Major cigarette makers in the United States are guilty of a decades-long conspiracy to deceive the public about the risks of smoking in order to sustain their profits, according to a court ruling.
But for anti-smoking groups that hoped the case would strike a major blow against the industry, the ruling in Washington by U.S. district judge Gladys Kessler appeared to be a largely moral victory, the Los Angeles Times reported on Friday.
In sharp contrast to her harsh remarks in the 1,653-page ruling, Kessler imposed only minor sanctions against the companies and no hard hits on their wallets.
The judge on Thursday blamed that over more than 50 years, tobacco makers "lied, misrepresented, and deceived the American public... about the devastating health effects of smoking and environmental tobacco smoke."
The judge prohibited the companies from committing any future frauds, and ordered them to issue a series of "corrective statements" through advertisements in major media outlets.
The statements must disclose the hazards and addictiveness of smoking, the lack of significant health benefits from smoking low-tar cigarettes, the companies' use of cigarette design to achieve optimum nicotine delivery, and the adverse effects of secondhand smoke.
The judge also barred cigarette makers from using terms such as "mild," "light" and "ultralight" in promotion, ruling that these words would falsely imply that the cigarettes were less harmful.
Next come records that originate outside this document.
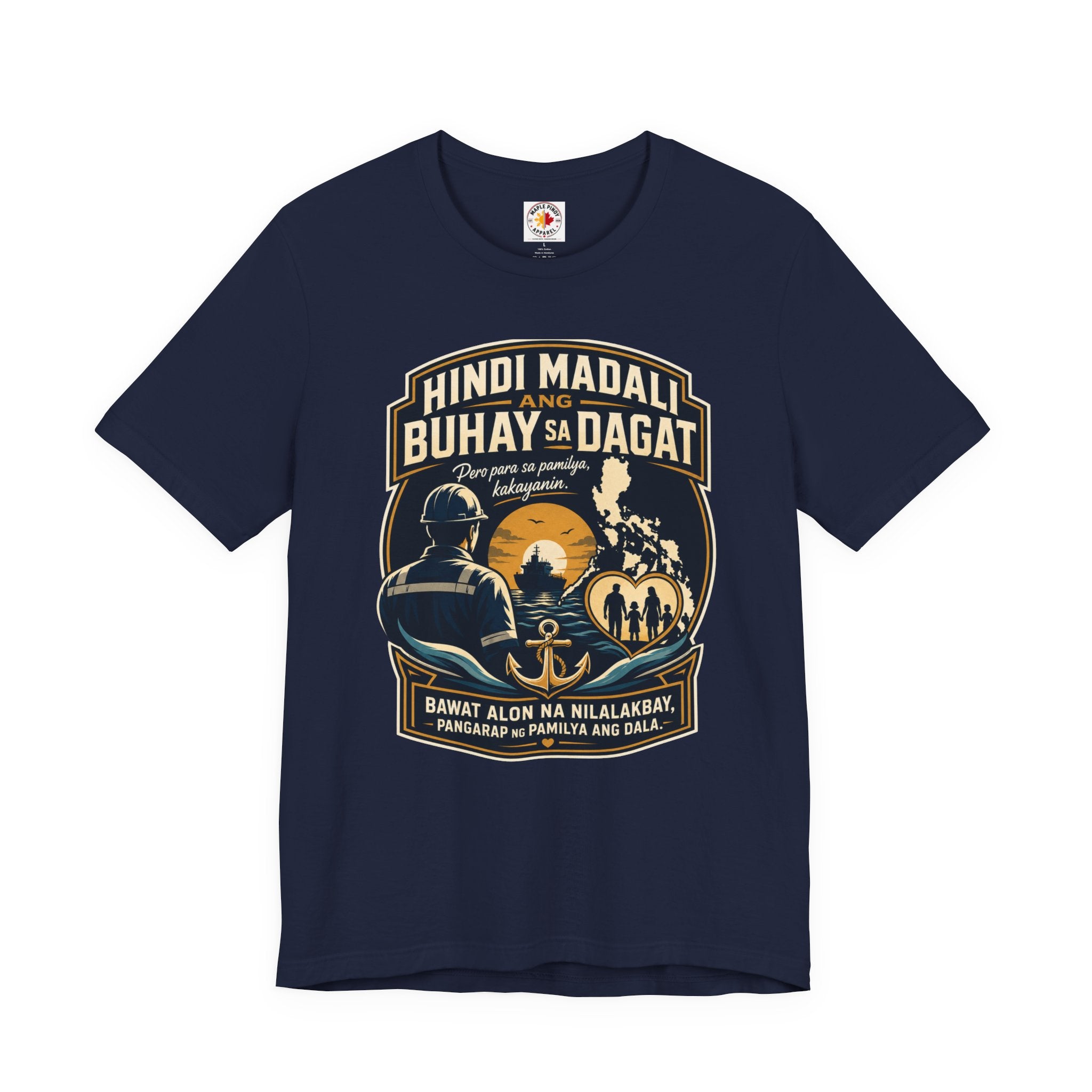 Hindi Madali ang Buhay sa Dagat — Filipino Seafarer Pride Tee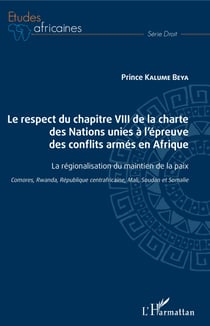 Le respect du chapitre VIII de la charte des Nations unies à l'épreuve des conflits armés en Afrique - La régionalisation du maintien de la paix - Comores, Rwanda, République centrafricaine, Mali, Soudan et Somalie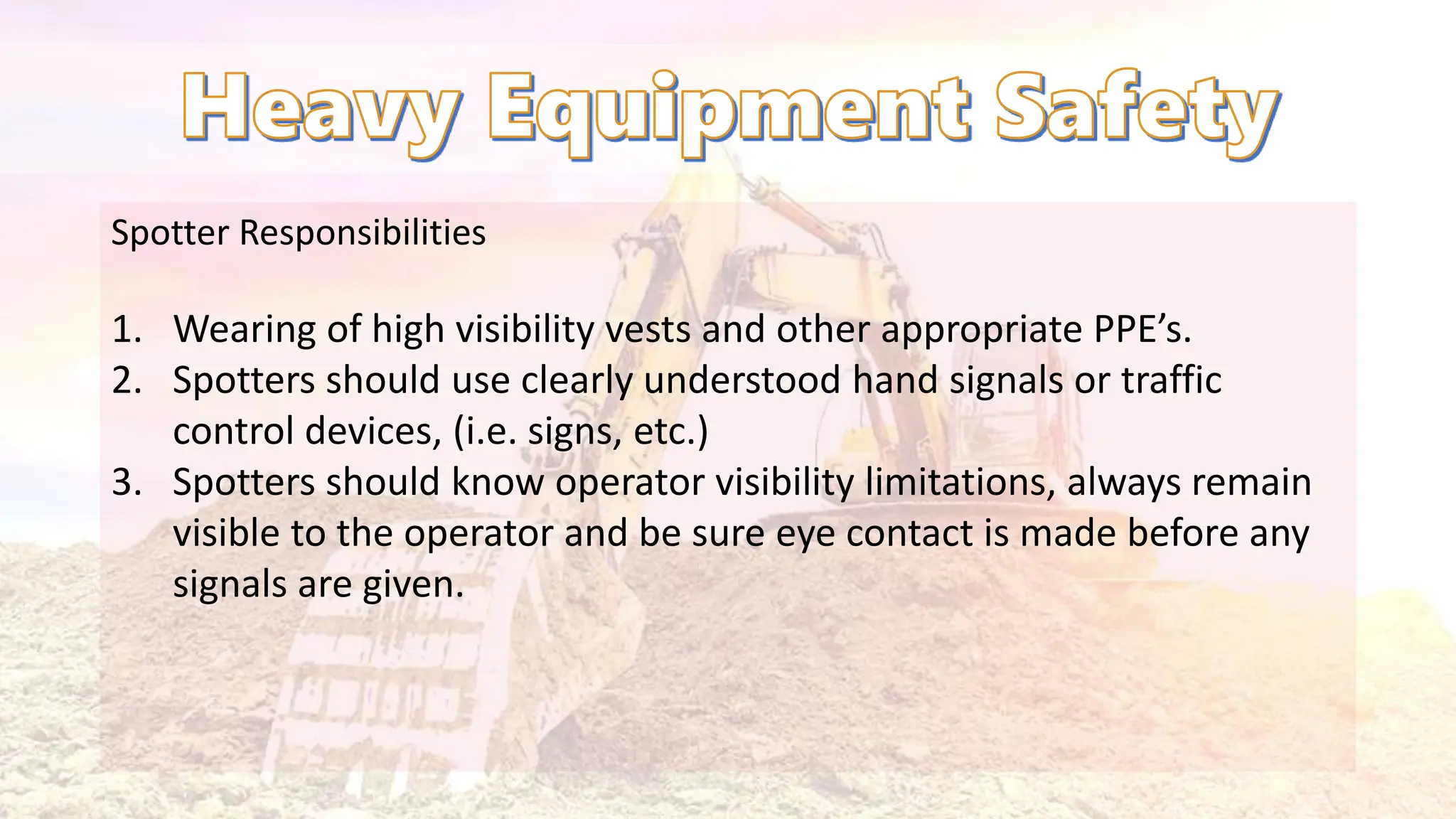 Spotter Responsibilities
1. Wearing of high visibility vests and other appropriate PPE’s.
2. Spotters should use clearly understood hand signals or traffic
control devices, (i.e. signs, etc.)
3. Spotters should know operator visibility limitations, always remain
visible to the operator and be sure eye contact is made before any
signals are given.
 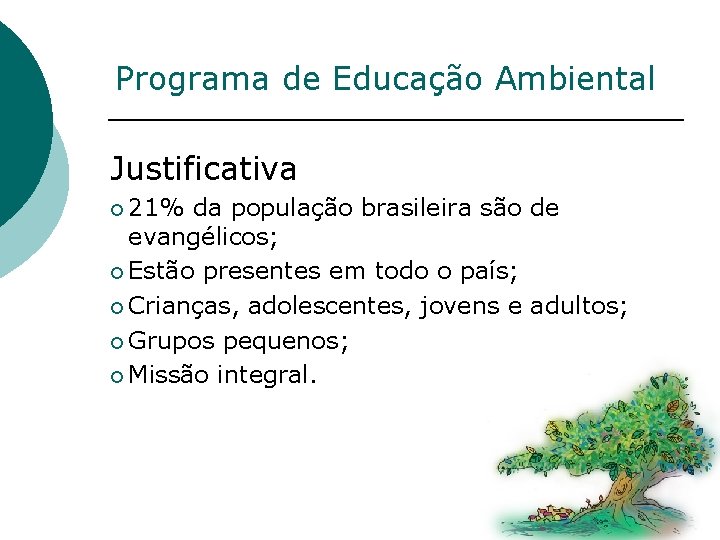 Programa de Educação Ambiental Justificativa ¡ 21% da população brasileira são de evangélicos; ¡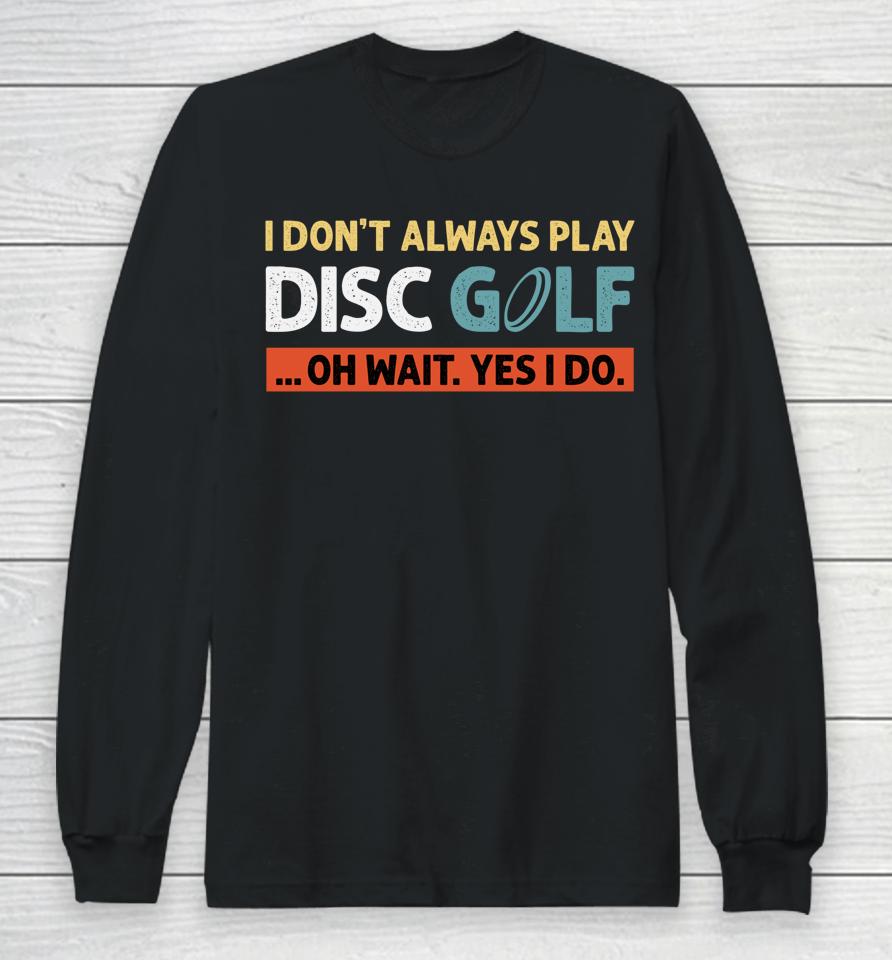 I Don't Always Play Disc Golf Oh Wait Yes I Do Long Sleeve T-Shirt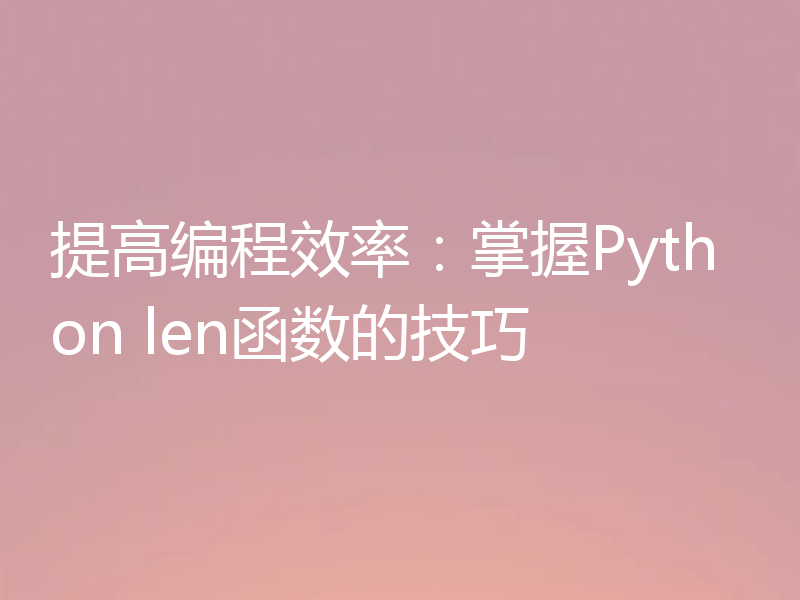 提高编程效率:掌握Python len函数的技巧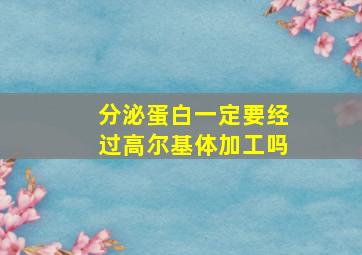 分泌蛋白一定要经过高尔基体加工吗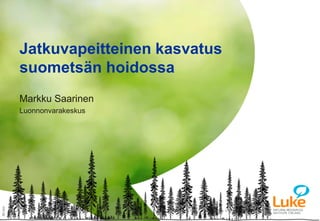© Natural Resources Institute Finland© Natural Resources Institute Finland
Markku Saarinen
Luonnonvarakeskus
Jatkuvapeitteinen kasvatus
suometsän hoidossa
30min
 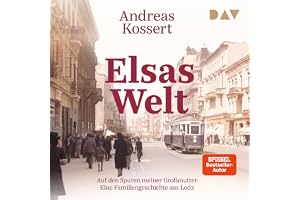 Elsas Welt: Auf den Spuren meiner Großmutter. Eine Familiengeschichte aus Lodz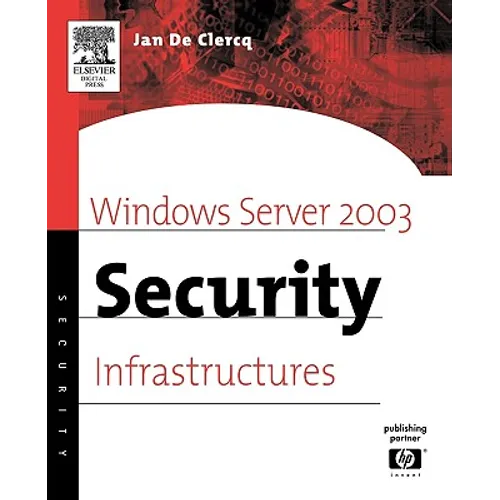 Windows Server 2003 Security Infrastructures: Core Security Features - Paperback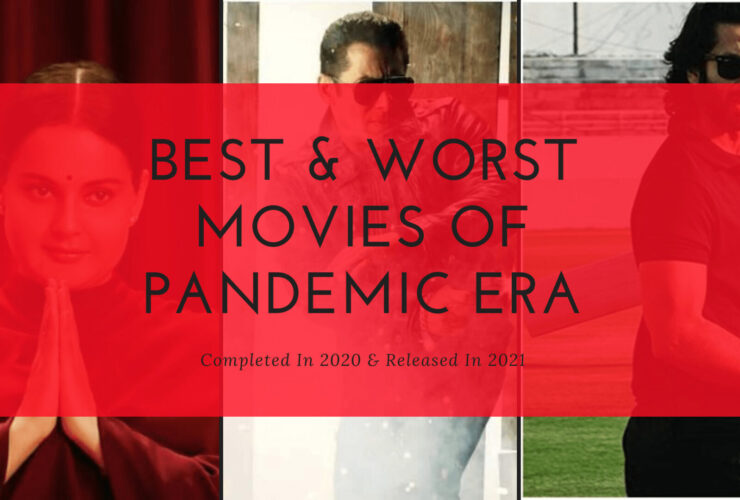 Best & Worst Movies of Pandemic Era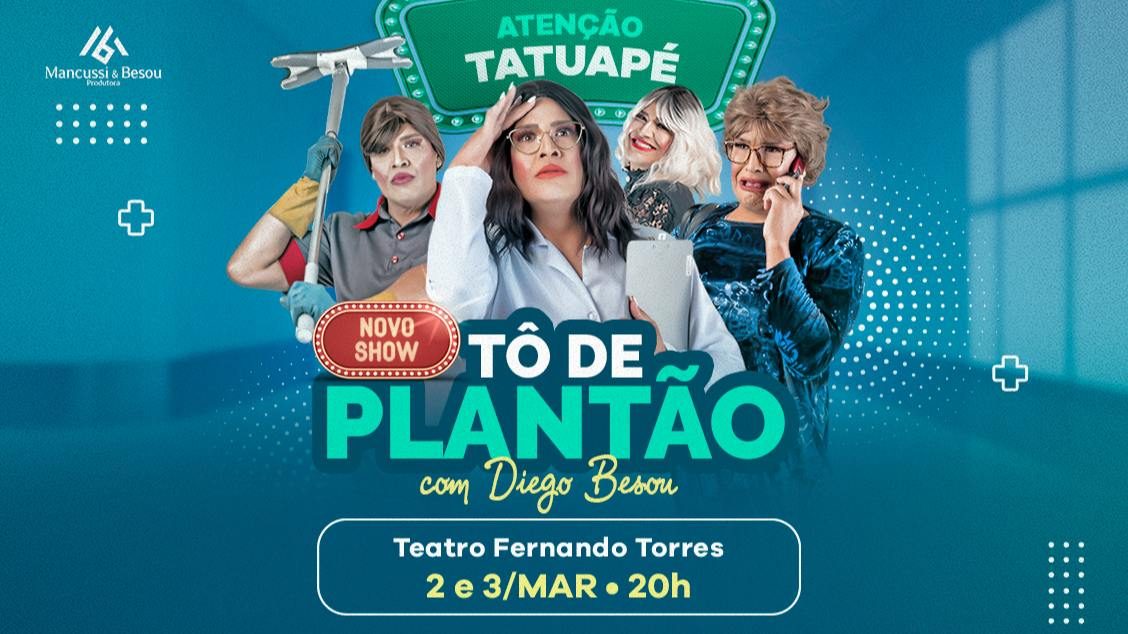 TÔ DE PLANTÃO - com Diego Besou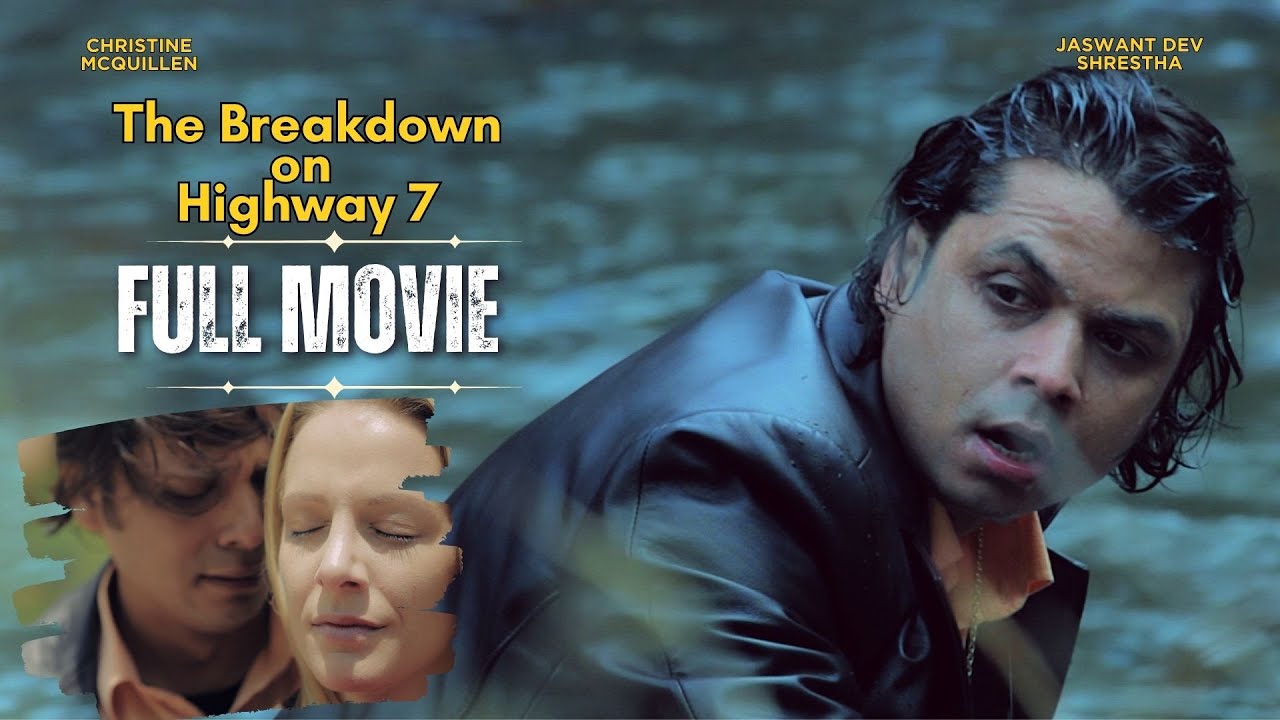 The Breakdown On highway 7 | FULL MOVIE 4k | Jaswant Dev Shrestha | Christine McQullien  |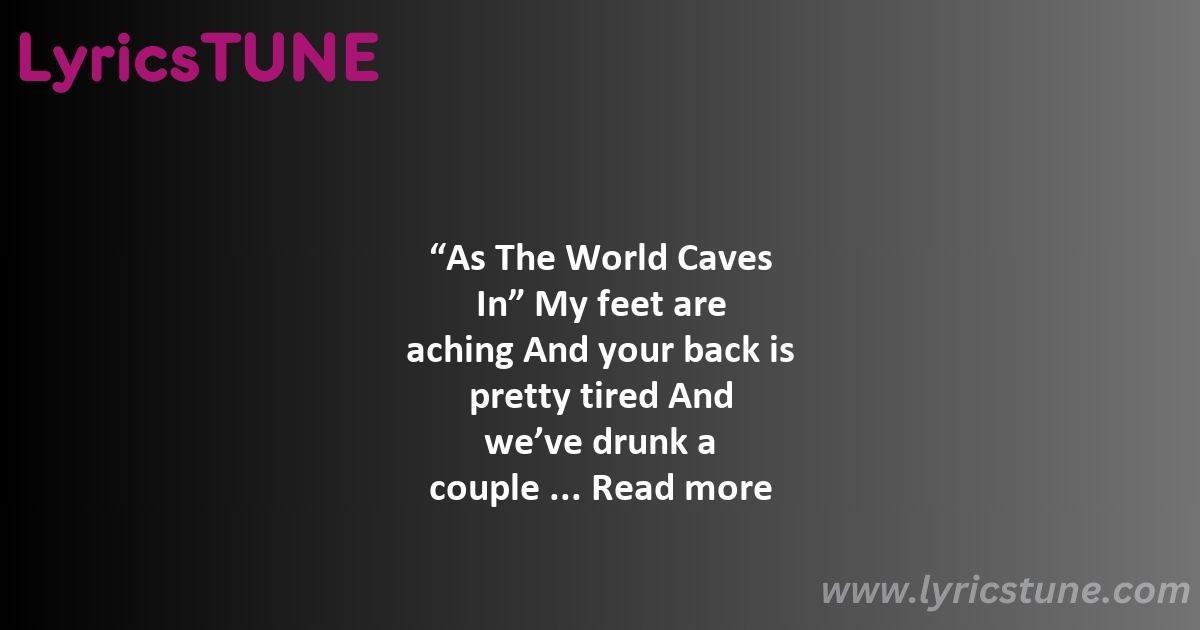 as the world caves in lyrics matt maltese lyrics 8220as the world caves in8221 lyrics - as the world caves in lyrics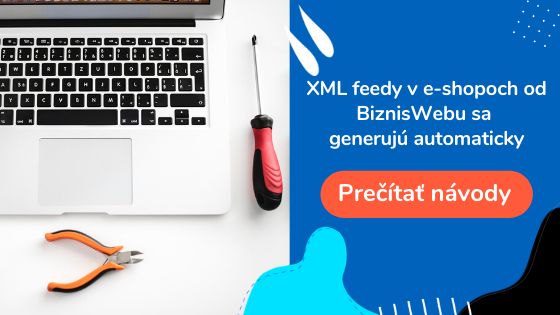 automatické generovanie XML feedov z e-shopu | BiznisWeb.sk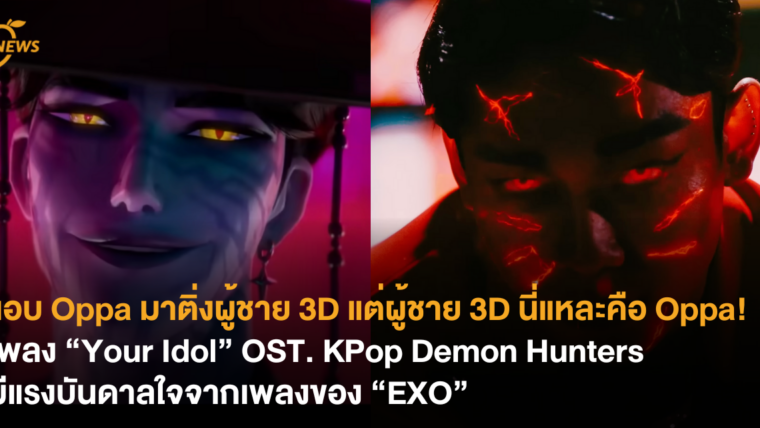 แอบ Oppa มาติ่งผู้ชาย 3D แต่ผู้ชาย 3D นี่แหละคือ Oppa! เพลง “Your Idol” OST. KPop Demon Hunters มีแรงบันดาลใจจากเพลงของ “EXO”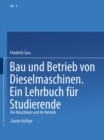Image for Bau und Betrieb von Dieselmaschinen Ein Lehrbuch fur Studierende: Zweiter Band: Die Maschinen und Ihr Betrieb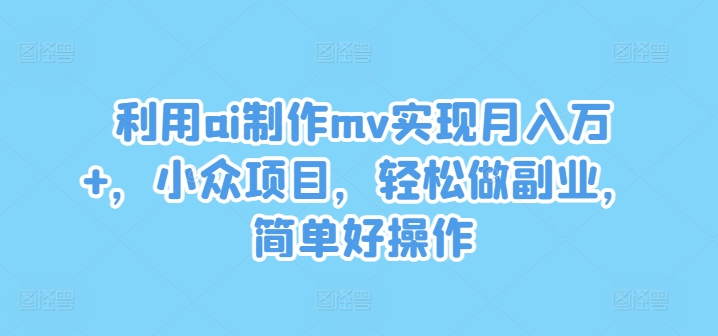 利用ai制作mv实现月入万+，小众项目，轻松做副业，简单好操作【揭秘】-沐风资源库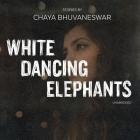 White Dancing Elephants: Stories By Chaya Bhuvaneswar, Priya Ayyar (Read by) Cover Image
Kessler also ordered the defendants to pay the government's legal costs of hundreds of millions of dollars.
But she said that she "unfortunately" could not order the multi-billion-dollar remedies sought by U.S. Justice Department and tobacco control groups to help addicted smokers quit, counter-advertising campaigns, and fines if youth smoking doesn't drop by targeted amounts.
Industry leader Philip Morris announced late Thursday that they would appeal the ruling, which they said was "not supported by the law or the evidence presented at trial." Found liable along were R.J. Reynolds Tobacco, Brown & Williamson Tobacco, Lorillard Tobacco and British American Tobacco.
Filed in September 1999, the lawsuit was the largest civil racketeering suit in history and culminated in a nine-month trial that ended in June 2005.
U.S. Justice Department said in a brief statement that it was " pleased with the court's finding of liability...but disappointed that the court did not impose all of the remedies sought by the government."
The fact that a federal court found that cigarette makers are racketeers could weaken the industry's defense in dozens of other tobacco suits around the United States, said anti-tobacco activists, who are not yet fully satisfied with this ruling.
William Corr, executive director of the Campaign for Tobacco-Free Kids, was quoted as calling it "a very important decision because judge Kessler has found that we've got a rogue industry in this country."
But he admitted being "deeply disappointed" that the judge felt constrained "by misguided appellate court rulings."